For a few minutes, I actually felt what it would be like to be super-wealthy. I gotta be honest - it didn't feel that exciting. All of us, no matter what level of wealth we have, get bored with our stuff. The super-rich can walk around any store and buy anything without necessarily feeling the pinch in their big inflated bank accounts, but they're missing something precious - the excitement that comes along with buying something you really want.
That's why being rich is a bottomless pit. Money makes a person insatiable; he can never have enough stuff. Not only that, he has to constantly get nicer and more expensive stuff, and eventually he gets bored of all of it. This, my friends, is a curse.
Haman suffered the same curse. He was so rich, if he had lived today he would easily be on Forbes' "Top 10 Wealthiest People" list. He might even beat Bill Gates. But, as he states in Megillat Esther, all his riches are worthless when he sees Mordechai sitting at the palace gates. It's true that Mordechai's stubborn unwillingness to bow down to him enraged him. But why exactly was it so important for Haman that Mordechai should bow to him? Why wasn't it enough that the rest of the world bowed to him when he passed by?

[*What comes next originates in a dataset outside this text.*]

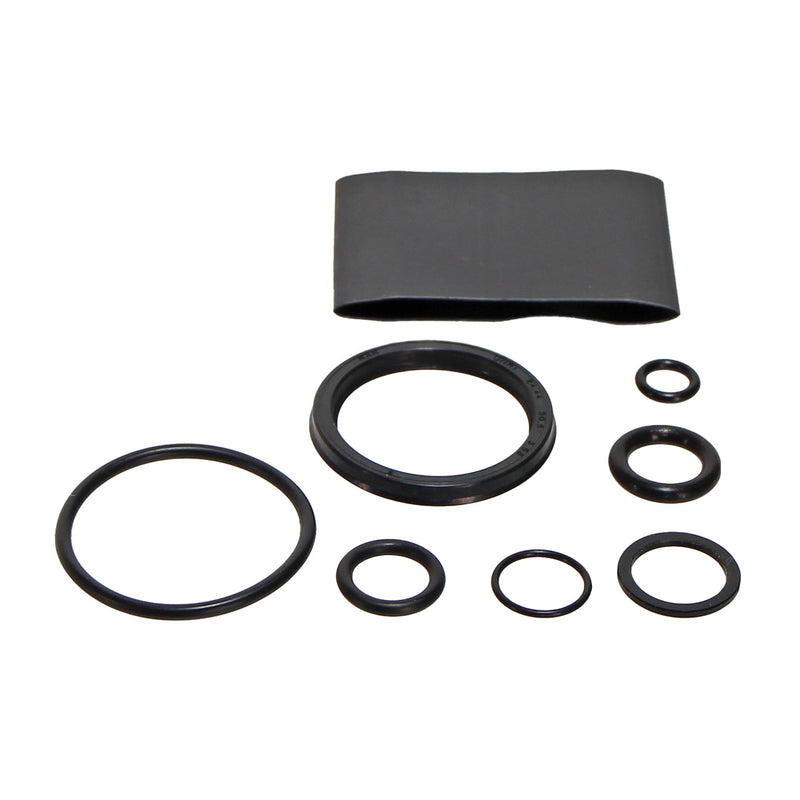 Load image into Gallery viewer, X-Fusion-34mm-Air-Spring-Air-Springs-&amp;-Parts-SRVK0337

Here's what I think. Haman wanted from Mordechai the one thing he couldn't have. Since he couldn't have it, Haman instinctively knew that this was the one thing left in the world that was exciting for him. What else was left? He had money, power, women, a palatial mansion, children. He had everything.
In reality, Haman's curse should be called "The Curse of Everything." Because once you have everything, there's nothing left to look forward to. More of the same just doesn't do it.
Those of you that dream of living the Lifestyles of the Rich and Famous, do yourselves a favor and dream yourselves out of it. There's a big blessing in not being able to have the dream life that you want. Believe me, Hashem is doing you a massive favor. Just think about how many uber-wealthy people are terribly depressed, suffer from marital problems, and/or have kids that are totally messed up. That's not a happy life.
Wishing you all a wonderful, meaningful, and SAFE Purim!!
Oh, yeah, so you're probably wondering why I put a picture of sheep at the top of this post. Well, the truth is that I really didn't have a picture ready for this post, so the idea came to me to use this picture and say that these sheep are actually people dressing up as sheep for Purim. And then, as I was uploading the picture, I suddenly remembered that we just read Parashat Zachor, in which King Saul was commanded to wipe out the nation of Amalek, and even their animals, because the sheep might really be people in disguise! I promise you I'm not lying! Isn't that just insane?? And, I took this picture about two weeks ago, because I never saw a bunch of sheep so close to my house. Totally freaky Divine Providence, yo!